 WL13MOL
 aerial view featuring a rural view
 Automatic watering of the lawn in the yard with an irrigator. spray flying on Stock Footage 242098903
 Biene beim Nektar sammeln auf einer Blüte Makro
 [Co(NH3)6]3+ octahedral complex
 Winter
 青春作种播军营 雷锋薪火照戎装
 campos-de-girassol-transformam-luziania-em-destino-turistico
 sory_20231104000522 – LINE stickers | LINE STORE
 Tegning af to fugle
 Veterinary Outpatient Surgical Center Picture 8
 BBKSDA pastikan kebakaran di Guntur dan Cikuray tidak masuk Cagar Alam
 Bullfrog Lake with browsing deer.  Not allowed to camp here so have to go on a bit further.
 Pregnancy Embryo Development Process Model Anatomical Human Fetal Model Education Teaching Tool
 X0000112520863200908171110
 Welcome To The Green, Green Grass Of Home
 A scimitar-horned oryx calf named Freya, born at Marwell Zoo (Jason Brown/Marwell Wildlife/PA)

****************************************

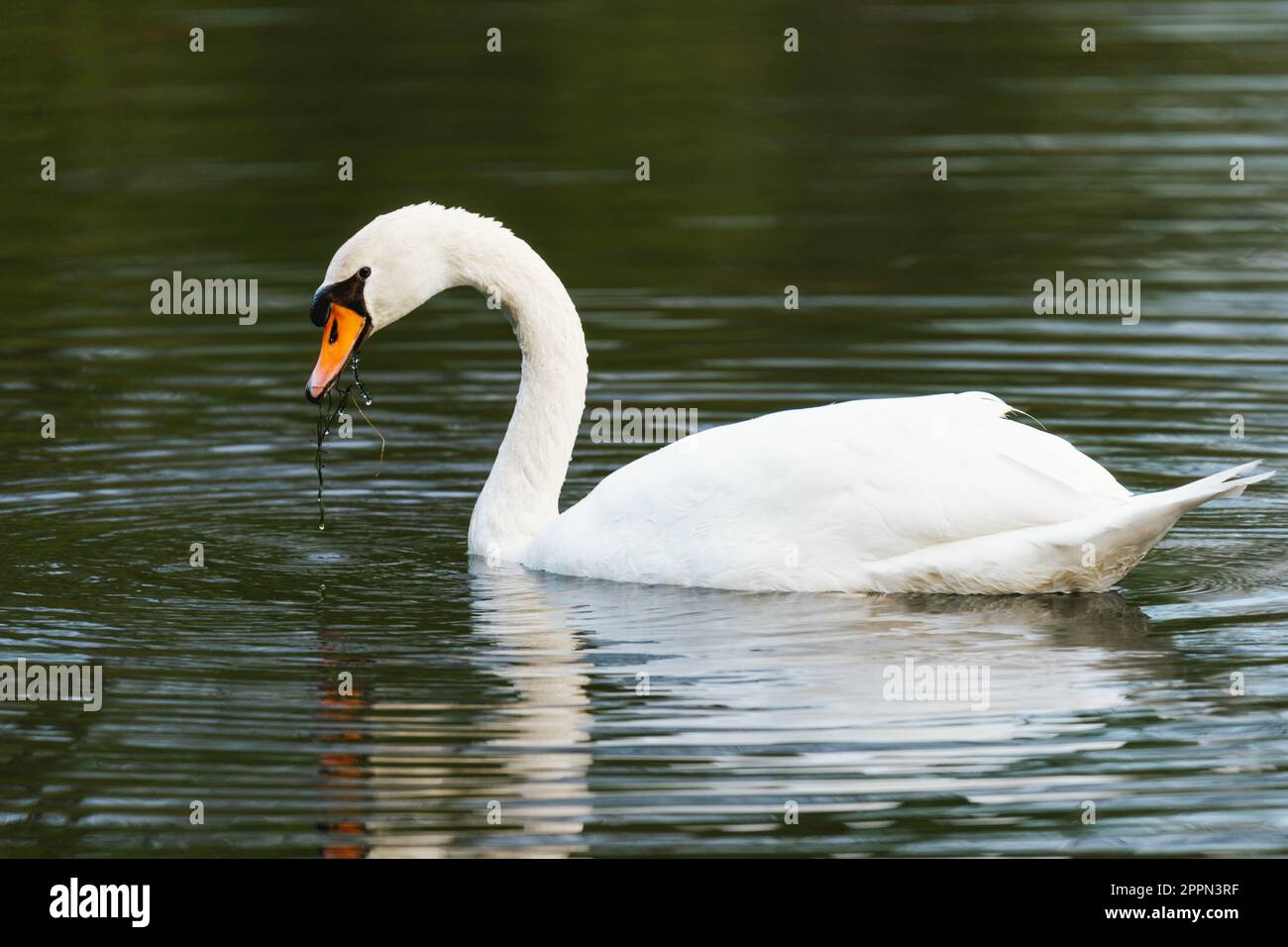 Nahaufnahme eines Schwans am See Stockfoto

****************************************

* [Work to be completed]: Read through the data above. Report each line that has the word "with".

* [Solution for this problem]:
 Automatic watering of the lawn in the yard with an irrigator. spray flying on Stock Footage 242098903
 Bullfrog Lake with browsing deer.  Not allowed to camp here so have to go on a bit further.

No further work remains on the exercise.